Problem.
Drop the pictures and repeat the remaining data exactly.

Supplied material.
------
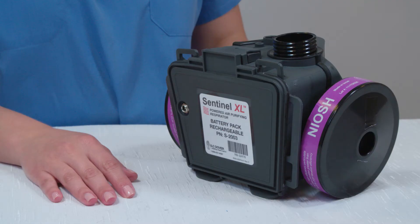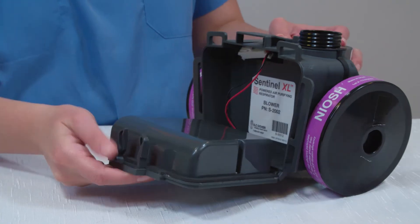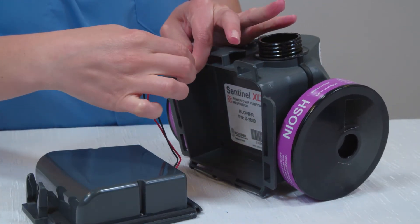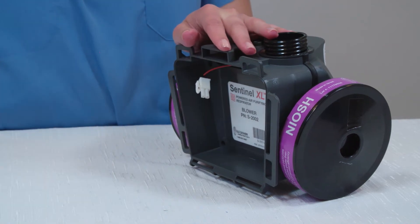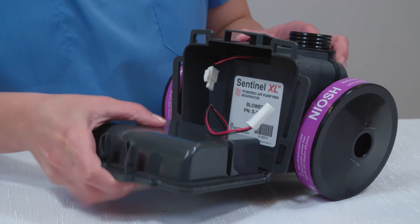As mentioned earlier, the Sentinel comes with an integral yet removable battery pack. To remove the pack, unlatch the securing clip and then disconnect the wiring harness as shown. The battery harness is now separated from the blower. To replace the battery, simply reverse the procedure.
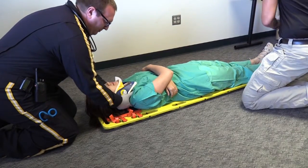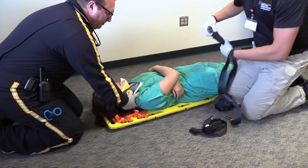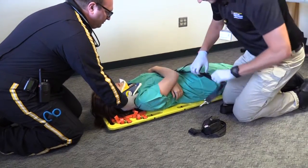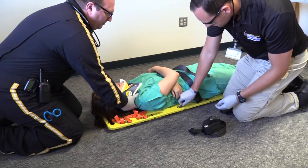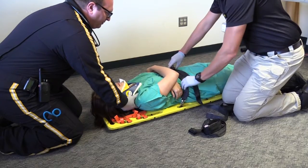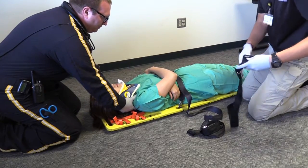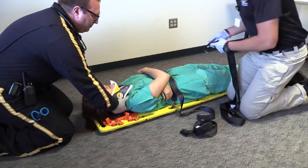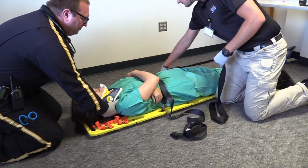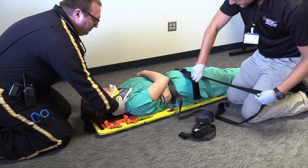I will then pad any void spaces and begin securing the long backboard straps around the patient. I will start by securing the patient's torso and hips to the long spine board, followed by the patient's legs.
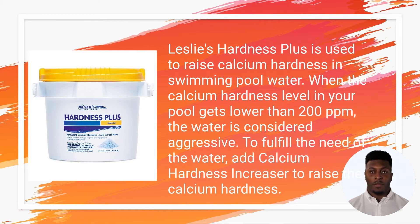Calcium hardness is a great way to resolve low hardness levels in your swim pool. When the calcium hardness level in your pool gets lower than 200 ppm, the water is considered aggressive. To fulfill the need of the water, add Calcium Hardness Increaser to raise the calcium hardness.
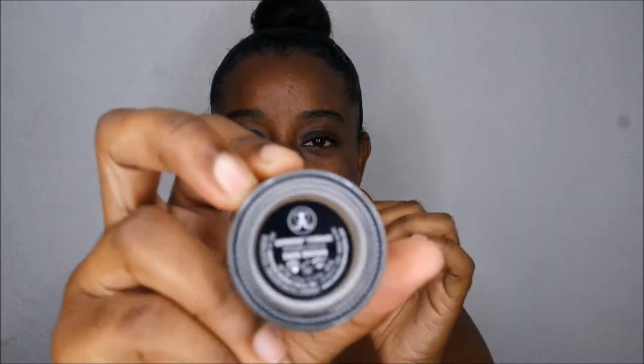It's the Anastasia Beverly Hills Deep Brow Pomade and I got it in the shade Dark Brow. I'm going to start filling in my eyebrows with this. I'm using an angled brush by the way. So that is my initial impression — I like it, I like it. Nice.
------
Result of this task.
As mentioned earlier, the Sentinel comes with an integral yet removable battery pack. To remove the pack, unlatch the securing clip and then disconnect the wiring harness as shown. The battery harness is now separated from the blower. To replace the battery, simply reverse the procedure.
I will then pad any void spaces and begin securing the long backboard straps around the patient. I will start by securing the patient's torso and hips to the long spine board, followed by the patient's legs.
Calcium hardness is a great way to resolve low hardness levels in your swim pool. When the calcium hardness level in your pool gets lower than 200 ppm, the water is considered aggressive. To fulfill the need of the water, add Calcium Hardness Increaser to raise the calcium hardness.
It's the Anastasia Beverly Hills Deep Brow Pomade and I got it in the shade Dark Brow. I'm going to start filling in my eyebrows with this. I'm using an angled brush by the way. So that is my initial impression — I like it, I like it. Nice.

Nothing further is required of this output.